Week 7 Communicate with RL?

From last week, we showed the hippo demo that we have to our client and faculty. The feedback that we got is to add more elements into the current hippo demo to see if there are any interesting behavior of the RL agent. 

We then have a couple design meetings together to talk about what we want to add into the current environment to make the demo more complex. We decided to start from add multiple goals to the hippo, and even think about have the hippo physical structure changes. And we think even further, what if the agent will switch goals during the gameplay or there are other agents with totally different goals. We then come up with 5 different layers of complexity add on top of the basic one. First layer is the base demo we had in week 6.

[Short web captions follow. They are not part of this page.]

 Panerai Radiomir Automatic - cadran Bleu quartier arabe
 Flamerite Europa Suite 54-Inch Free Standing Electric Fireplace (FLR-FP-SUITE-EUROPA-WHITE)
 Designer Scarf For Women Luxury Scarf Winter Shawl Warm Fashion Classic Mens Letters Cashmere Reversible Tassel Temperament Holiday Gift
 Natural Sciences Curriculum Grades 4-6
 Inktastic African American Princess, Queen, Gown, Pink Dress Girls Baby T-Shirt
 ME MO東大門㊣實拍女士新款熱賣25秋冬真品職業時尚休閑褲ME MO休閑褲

Second layer of complexity for the hippo demo
Third layer of complexity for the hippo demo
4th layer of complexity for the hippo demo
5th layer of complexity for the hippo demo

During implementing phase, we encountered some questions like, when the system becomes complicated, it starts to become hard to tune the parameters in order to get the results we want for the RL agent. Also, once there are a new component add into the environment, the system need to be retrained. This is something we will have to think about for the long term.

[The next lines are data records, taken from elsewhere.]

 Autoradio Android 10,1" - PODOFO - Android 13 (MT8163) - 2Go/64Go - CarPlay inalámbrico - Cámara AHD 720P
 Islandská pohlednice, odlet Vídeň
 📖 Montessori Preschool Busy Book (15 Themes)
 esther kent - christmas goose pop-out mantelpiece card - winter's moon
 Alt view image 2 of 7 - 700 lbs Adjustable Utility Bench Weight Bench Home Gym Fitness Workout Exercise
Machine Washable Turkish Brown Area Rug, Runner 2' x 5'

In our faculty meeting, we again talked about the puzzle game idea from our 6 ideas during quarters. We think that it is still worth spending these 2 weeks to implement a small demo to show it to our client and get some feedback from her. The communication between the agent and the player is a more innovative idea. 

We set up a scenario of Imagining a jungle world where you and your friend are roleplaying two birds. You two have to go through a series of stairs to win. However, both of you can only see your partner’s stairs ahead, not yourselves’. You must take turns to jump and rely on your partner to give instructions. You two are allowed to communicate through limited yet creative methods like sending emojis and making sounds. 

The agent is trained to respond to player’s behaviors and reactions. The goal is to make it responsive to the dynamic behavior patterns of a player.

It’s unrealistic to have a human player keeps playing the game for a long period of time to train the RL agent. The PlayerAI system is a simulated version of the human player designed to train against the RL system on a reinforcing basis.

To mimic the complexity of player behavior, the PlayerAI is constructed with variables in Movement and Communication based on the game mechanic. Then, by adjusting the parameters for example vision, reaction time, expertise, we generate 3 types of Preference as the input source of RL system.

PlayerAI set up with different complexity element. The white chicken is the RL and yellow chicken is player.

After showing this demo, Erin has more idea of what we would like to convey before, and she mentioned she would like to see a design documentation of this to think more. 

Our client likes both of the ideas, and she thinks that there are both interesting design element and lessons to learn. It will be hard to choose one out of the two ideas, but she encourages us to keep iterating and exploring!

This Friday, we had a field trip to the computer history museum in Mountain View. We spent a nice afternoon learning about the history of computer and different new technologies utilized nowadays. It is a great chance for us to take a bit rest from our halves presentation. One more week from halves, here we go!

Complicated wires of computer in the computer history museum!